Dear Mr. Knell,
My name is Robert Grillo and I am the executive director of Free from Harm, a nonprofit organization that empowers the conscious, vegetarian and vegan community. Freefromharm.org attracts a monthly average of 30,000 – 65,000 visitors per month and an active Facebook page with over 3,100 fans from around the world.
As Thanksgiving quickly approaches, I’d like to encourage NPR to promote animal-free dining ideas for the Thanksgiving holiday as well as respect and reverence for the bird that is the symbol of this national holiday: the turkey.
In the past, I have been deeply disappointed to hear NPR speak disparagingly and disrespectfully about these grossly misunderstood birds. Do you agree that media sources with integrity — NPR, for one — have the responsibility to challenge ridiculous stereotypes rather than pander to them? If so, then I thank you in advance for taking the higher ground by appealing to your audience’s sense of humanity, ethics, and respect for these highly-intelligent, highly-sentient, complex creatures.
I might suggest that you visit or interview sanctuaries like Animal Place, Woodstock Farm Animal Sanctuary or United Poultry Concerns where some lucky turkeys have been granted a second chance at life, after being rescued from the poultry industry. These birds, given an opportunity to express their true nature on sanctuaries, have names and unique personalities just like our beloved companion animals!
Finally I’d like to propose that NPR go one step further — by revealing the truth about the miserable lives of commercially-raised turkeys today. This year, some 46 million of them will be artificially bred, quickly raised to market weight and slaughtered for just one holiday. Even turkeys labeled “humanely-raised” are denied their most basic natural behaviors and subjected to appalling conditions, such as:
- turkey chicks born at hatcheries are shipped through the postal service; many of them arrive dead or severely dehydrated or injured
- turkeys are de-beaked and de-toed on many “humane” farms of any size (even the Global Animal Partnership standards used by Whole Foods permit “toenail conditioning,” in which microwave radiation is used to damage the toes so that nails cannot grow)

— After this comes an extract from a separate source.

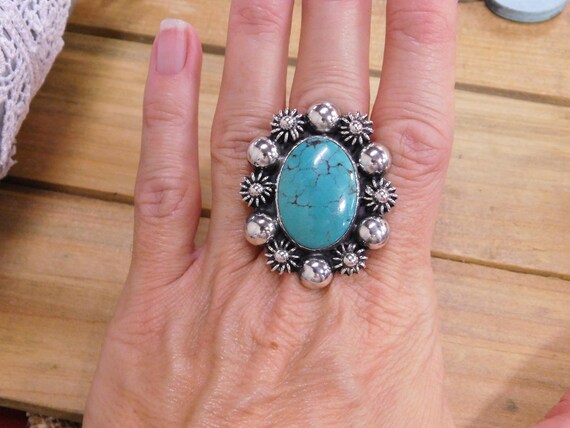 Sterling Silver Large Oval Turquoise Ring Size 8.5 - image 5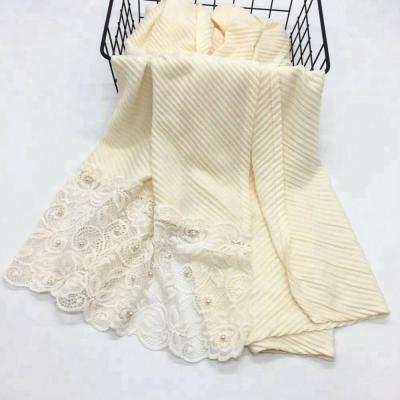 China Wholesale fashion 2018 winters pleat rayon hijab with lace fancy cotton hijab viscous scarf for sale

- turkeys are slaughtered fully conscious, whether at a smaller farm, where they are hung upside down for the throat-slitting, or at a big slaughterhouse that accepts birds from any and all location. At the major slaughter plants, the birds are shackled upside down, run through an electric water bath that renders them immobile, and bled out with a mechanical blade — all while fully conscious.
- turkeys are only a few months old when they’re killed. “Heritage” breeds may be slaughtered at eight months, while their large-breasted counterparts are killed at four months. In nature, turkeys can live for 10 years and up (see http://animalplace.org/the-humane-myth/).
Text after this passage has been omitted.